When you’re in college and covering tuition and living expenses, it’s important to watch every penny. That’s why many people who are getting their education are interested in learning about all of the college tax breaks that are available. If you’re wondering, do college students get tax breaks, this guide will help you to understand all of the different ways you could potentially cut your tax bill.
Do College Students Get Tax Breaks?
Tax breaks come in the form of deductions or credits. Both save you money on your tax bill, but they work differently.
- Deductions let you reduce taxable income by the amount you’re eligible to deduct.
- Tax credits reduce your tax bill directly.
So, for example, if you have $30,000 in taxable income and get a $2,000 deduction, then your taxable income comes down to $28,000. Your savings from the deduction equal the tax you’d have paid on the $2,000. On the other hand, credits would reduce your tax bill directly, so if you owed $5,000 and got a $2,000 deduction, you would only owe $3,000 in taxes and save the entire $2,000. The availability of college tax breaks depends on what your income is, as well as what you’re paying for. If you don’t have any income as a college student, you may not have to pay taxes — even without deductions and credits. Your parents may claim tax breaks if they cover your tuition in these situations. Or, some credits are refundable, so you could get more money back from the IRS than you paid in if you aren’t earning income but are paying tuition. If you are working and paying taxes on your own — or paying tuition on your own — then answering the question, do college students get tax breaks, becomes much more important.
College Tax Breaks You May Be Eligible For
College tax breaks usually center around credits that help you cover tuition and other education costs. Here are some examples of deductions and credits you might be eligible for.
The American Opportunity Tax Credit
The American Opportunity Tax Credit provides a tax credit of up to $2,500 to help you cover tuition and other qualifying educational expenses. Up to 40% of the credit is refundable, which means if you qualify for the credit, the IRS might give you up to $1,000 back even if you didn’t actually owe any taxes for the year. This tax credit is capped based on income, and eligibility begins to phase out once your modified adjusted gross income exceeds $80,000 for single taxpayers or $160,000 for married joint filers. No credit is available once MAGI hits $90,000 or $180,000. You’ll claim the credit using Form 8863 when you submit your 1040 form.

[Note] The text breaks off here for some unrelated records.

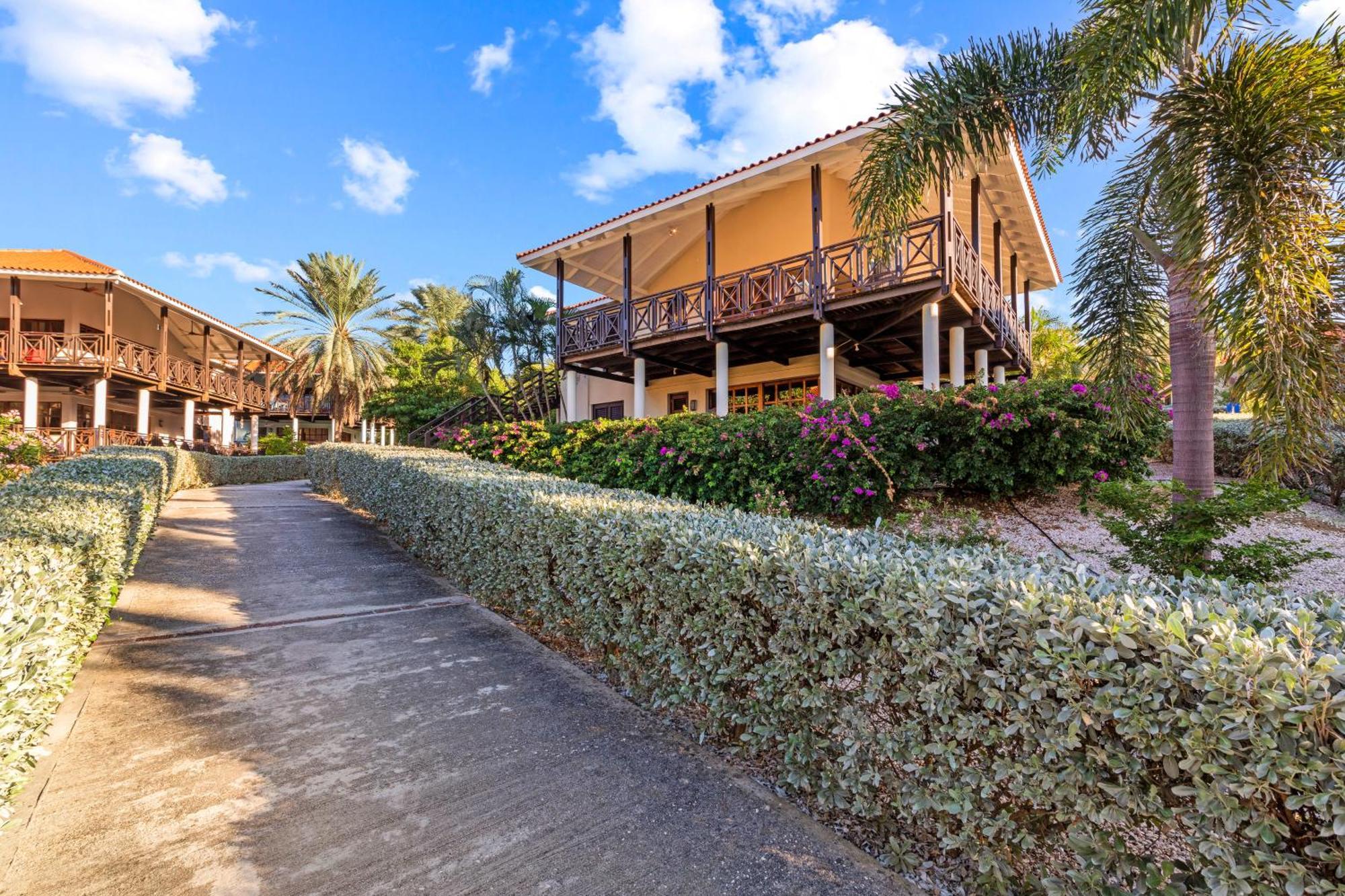Blue Bay Villa's Esterno foto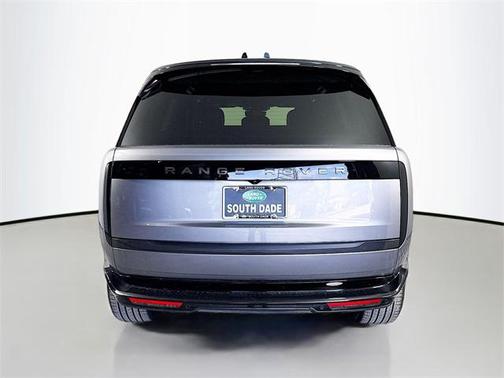 2025 Land Rover Range Rover P530 SE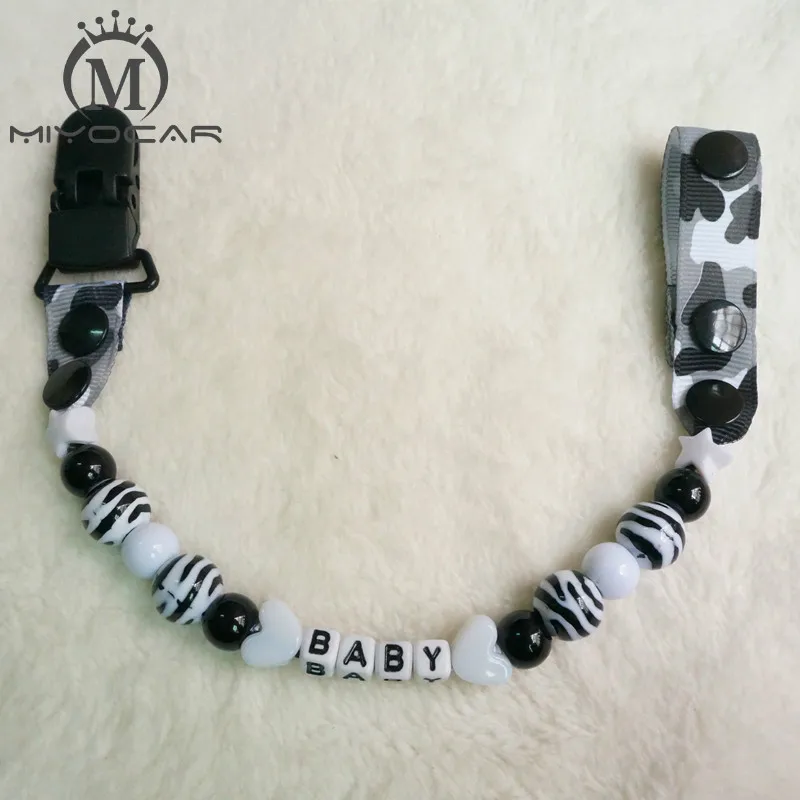 Персонализированные любое имя белый и черный бисер ручной работы соски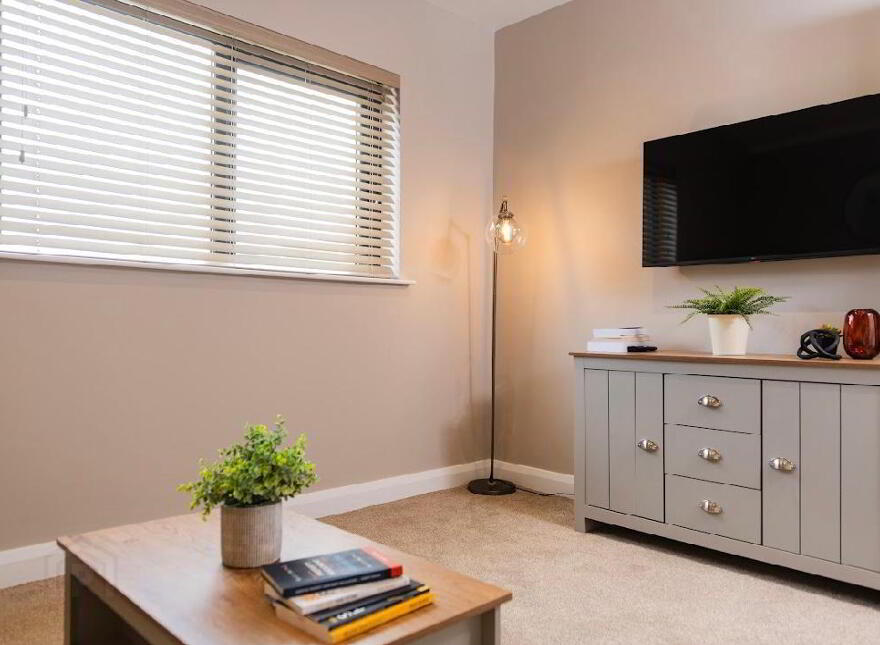 Apt 5, 225a Albertbridge Road, Belfast, BT5 4PX
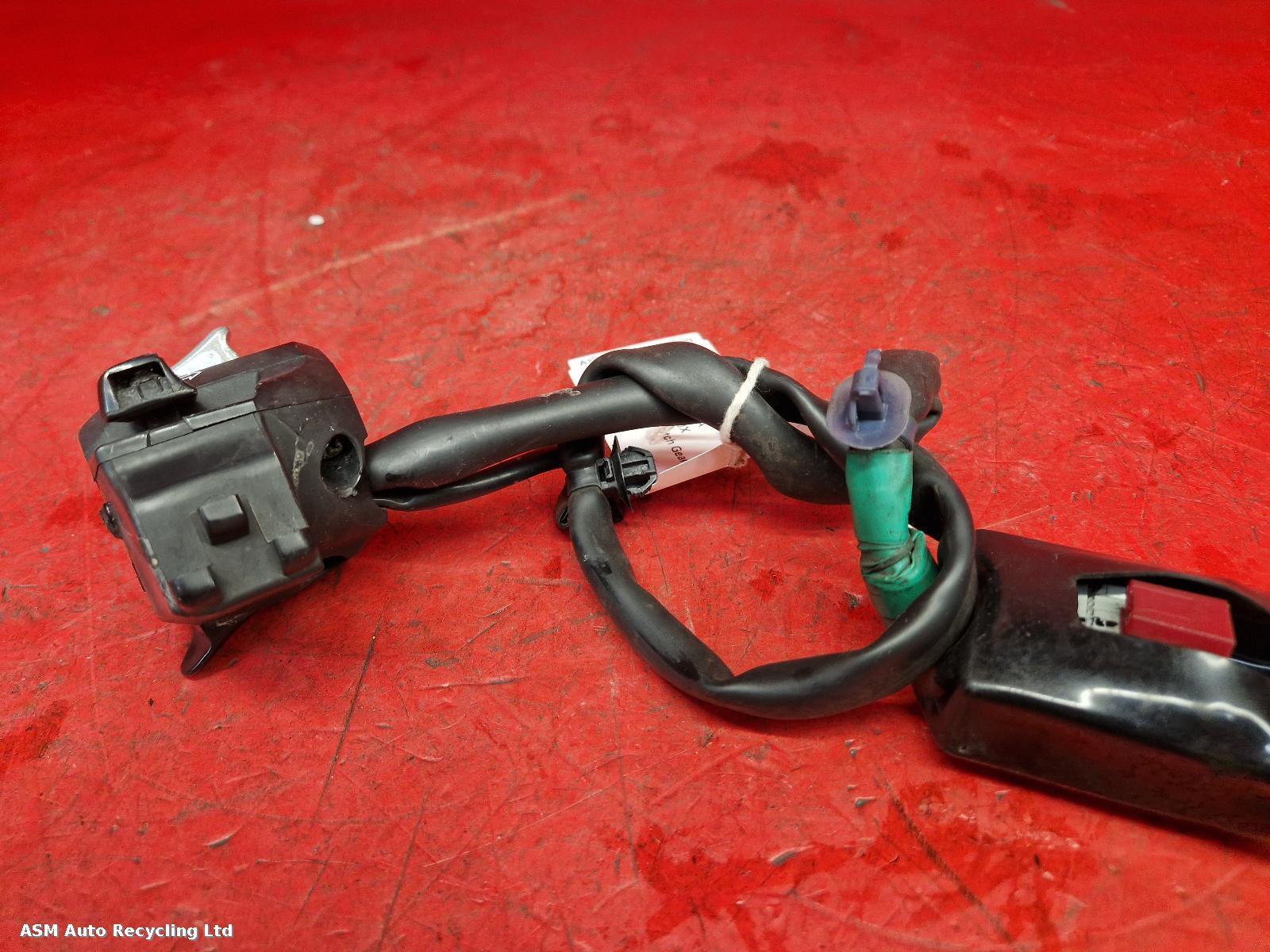 View Auto part LH Switch Gear Honda Cb500x 2016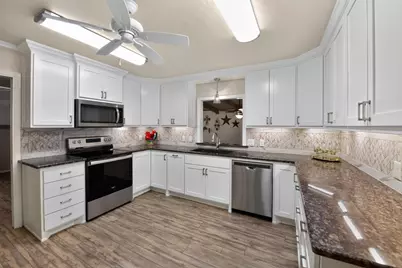 623 S Harbor Court, Granbury, TX 76048 - Photo 9
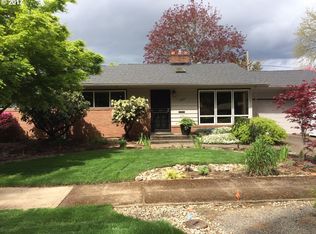 10605 NE San Rafael St, Portland, OR 97220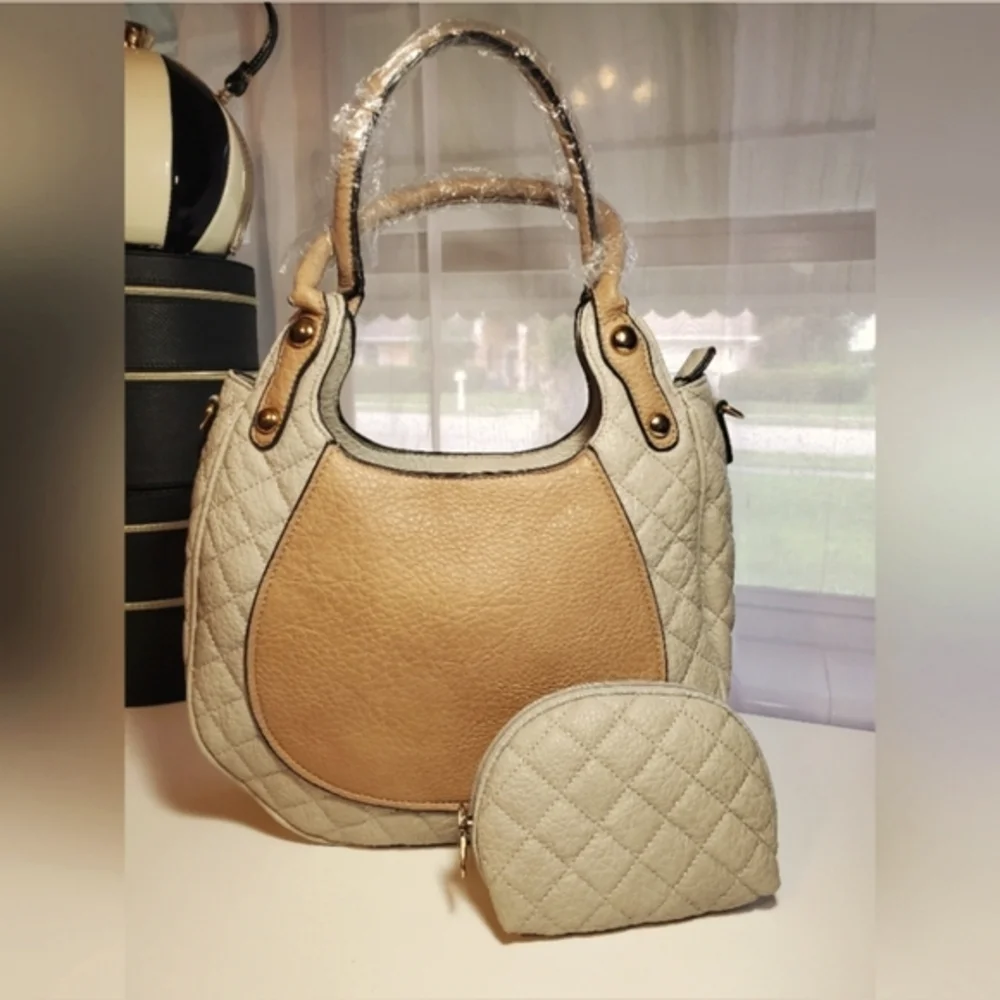 Structured  Hobo Shoulder Bag with Mini Pouch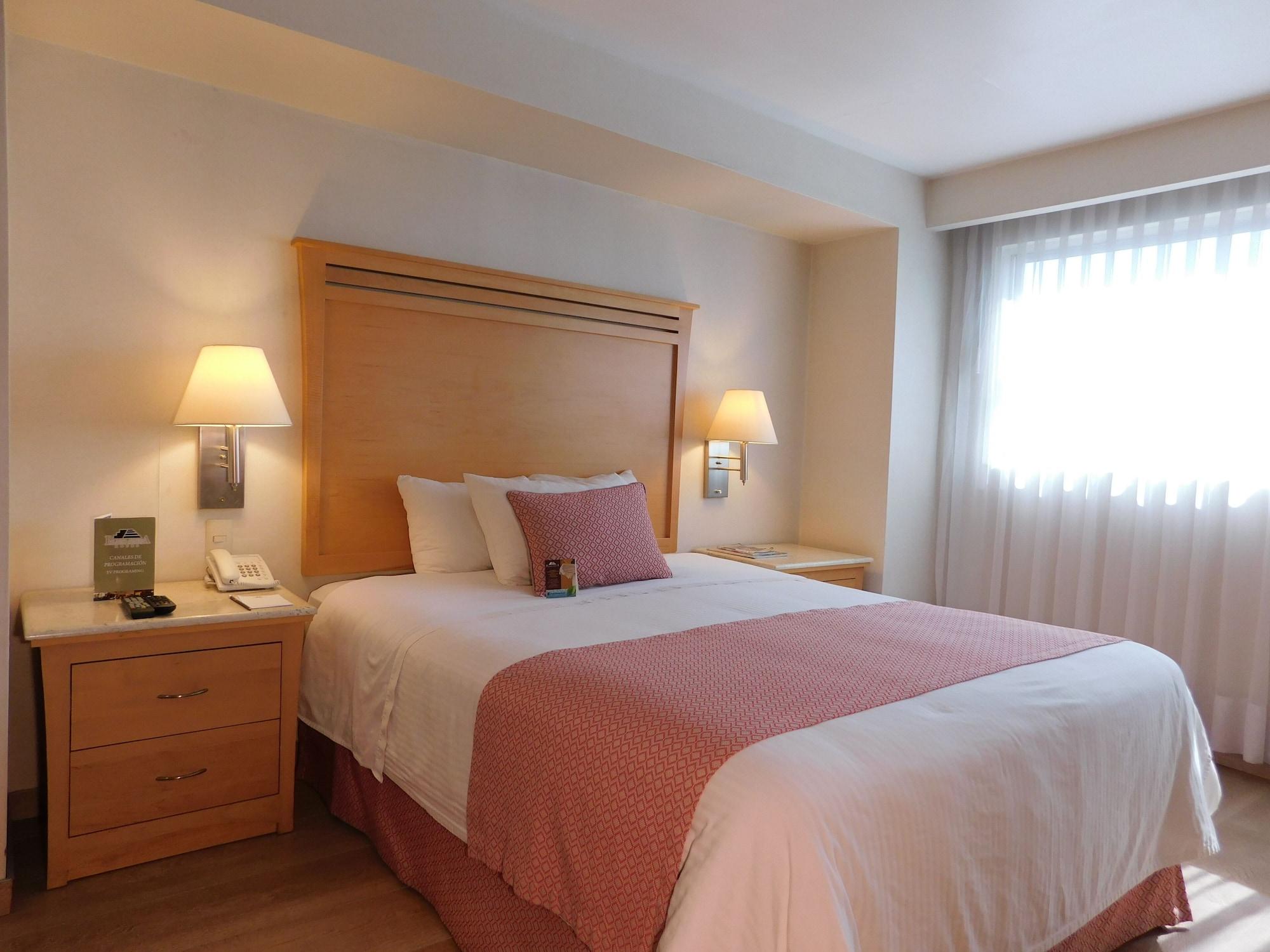 Hotel Palacio Azteca Тихуана Екстериор снимка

You may claim it for a maximum of four years total.
The Lifetime Learning Credit
The Lifetime Learning Credit is worth up to $2,000, and there is no limit to the number of times you can claim the credit if you have eligible educational expenses. This credit isn’t refundable, though, so you can reduce your tax liability to $0 with it but won’t get money back if you owe less in taxes than your credit is worth. There are income limits for this credit as well. For 2022, the credit begins to phase out once your modified adjusted gross income hits $80,000 for single filers or $160,000 for married joint filers. Like with the American Opportunity Tax Credit, you lose eligibility entirely with a MAGI above $90,000 or $180,000 for single and joint filers, respectively.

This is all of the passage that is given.